# I know.. not another "what size" thread



## givethepigeye (Aug 23, 2009)

But I am really confused, I am currently riding a Madone 4.5 size 61 w/ a 110 stem. I am looking @ a Ridley Damo or Excaliber. When I put me measurements on the CC fitter I get the following:

Measurements
-------------------------------------------
Inseam: 35.75
Trunk: 26.5
Forearm: 14.5
Arm: 27.625
Thigh: 26
Lower Leg: 24.25
Sternal Notch: 61.5
Total Body Height: 73.75


The Competitive Fit (cm)
-------------------------------------------
Seat tube range c-c: 58.8 - 59.3
Seat tube range c-t: 60.6 - 61.1
Top tube length: 57.0 - 57.4
Stem Length: 12.2 - 12.8
BB-Saddle Position: 83.0 - 85.0
Saddle-Handlebar: 57.1 - 57.7
Saddle Setback: 6.6 - 7.0


The Eddy Fit (cm)
-------------------------------------------
Seat tube range c-c: 60.0 - 60.5
Seat tube range c-t: 61.8 - 62.3
Top tube length: 57.0 - 57.4
Stem Length: 11.1 - 11.7
BB-Saddle Position: 82.2 - 84.2
Saddle-Handlebar: 57.9 - 58.5
Saddle Setback: 7.8 - 8.2

Are the measurements on the Trek website off? ie. (C-T = 59.3, EFF Top Tube = 59.8 and HT = 23).
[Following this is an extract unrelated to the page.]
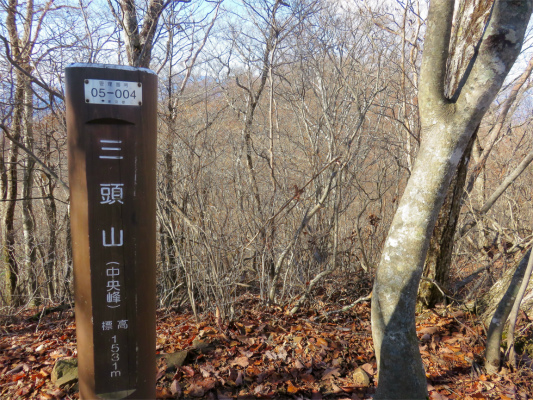 三頭山最高峰の中央峰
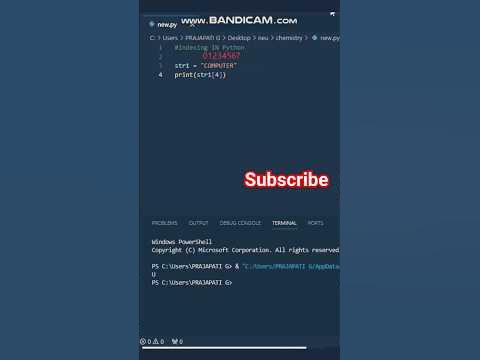 Day-06 || Indexing In Python. #python #pythonforbeginners # ...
With those measurements the Madone 62 matches up to an XL Damo or Excaliber. Everyone assures me that the L in a Ridley is the way to go. 

Confused.


----------



## Guest (Aug 25, 2009)

Don't be overly reliant on the online calculators, they're good for an initial guide. Try and get a test ride, if nothing local maybe the Competitive cyclist demo program, they'll ship you a Ridley, don't know if they demo the Damo or not but many of the Ridleys use the same geo it does.


----------



## JulesYK (Jul 2, 2007)

*Agree re. not being overly reliant on the fit calculators*

The most comfortable bike I have has a top tube length that's longer than the longest recommended length on the CC calculator, and that is based on body measurements from a professional fitter. That bike is custom, and no matter how many times it seems that the top tube and front center measurements are too long, I can ride that bike all day with no back problems or discomfort, and that's not true about my other bikes. Of course, that bike is built with a long headtube so there is virtually no drop from the saddle to the bars, but the important thing is the fit, not the PRO look. If you are able to get professionally fit on an existing bike to the point where it fits great, you can replicate key measurements from that bike on other bikes to see what the right size is. Competitive Cyclist did this for me for a frame I was considering. They were able to mock up the bike to the exact measurements from my custom bike to give me the correct frame size.


----------



## givethepigeye (Aug 23, 2009)

Thanks


----------



## dismal (Jul 28, 2009)

This might be a fun read also, just to confuse you further:
http://www.rivbike.com/article/bike_fit/choosing_a_frame_size

;-)

If you can, do test the bike.


----------